A more refined search finally showed this page, which refers to people trying to drink an entire mini-keg (looks like it holds about a gallon).  Is that it?

Maybe the challenge is to figure out the challenge?
 

Friday, October 22, 2010

What Were They Thinking?
    — The Sound of Silence


“What Were They Thinking?” highlights products and presentations which just don’t make sense.

This billboard looms over Denny Way at the foot of Capitol Hill — presumably just about the most liberal part of the city — asking people to honk if they disagree with the (so-called) liberal media.  If you must learn more about their cause, go to tellthetruth2010.org.

It’s amazingly quiet there at 6:00 pm, with a multi-block line of cars waiting to get on the freeway.  Quiet enough that you wonder if they wasted their dollars.

(Hmm, maybe the billboard’s presence has an unintended side-effect, convincing irate drivers to not user their horns, lest others think they are reacting to the billboard.)


 

Limerick: Isadora Duncan


Sweet Isadora Duncan
Talented, cute little punkin’
     A wheel caught her scarf
     Tore her head quite in half
They knew ’cause they heard the ker-plunkin’


This morning, I was riding the scooter to work and realized that the high temps coming up are all in the 50s — we’re past the last days this year we can even pretend it is warm, although neither is it outright cold, just verging into that ugly cool damp zone — so it’s time to dig out a scarf.  Another few weeks and I’ll be layering a sweater under the jacket every day, and putting the extra lining into my blue motorcycle jacket.  Sigh.

Info on Isadora Duncan.
 

Tuesday, October 19, 2010

What Were They Thinking?
    — Get Your Sunglasses Before the Summer Rush


“What Were They Thinking?” highlights products and presentations which just don’t make sense.

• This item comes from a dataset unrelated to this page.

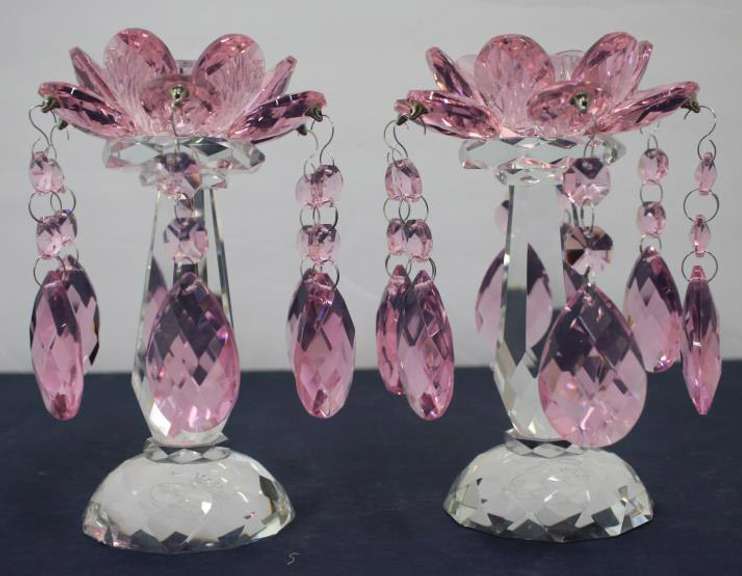 Pink Candleholder with Drops - Set of 2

A whole series of these ads for Sunglass Hut have just invaded the Seattle bus/transit tunnel that runs under downtown (including under Macy’s).

Maybe it’s just me, but I don’t see late October, when it starts getting dark in the late afternoon and just before the rainy season sits down for a five-month squat, as being the ideal time to push sunglasses in Seattle.




Updated on October 21, 2010

Stupid, Stupid Ads!
    — Me Are College Sutdent!


“Stupid, Stupid Ads!” dissects ads that try to do something underhanded or just plain stupid.

I honestly can’t tell what these ads for City University are trying to get across?  Remedial spelling classes seem a bit below what you expect from adult education programs at a “university”.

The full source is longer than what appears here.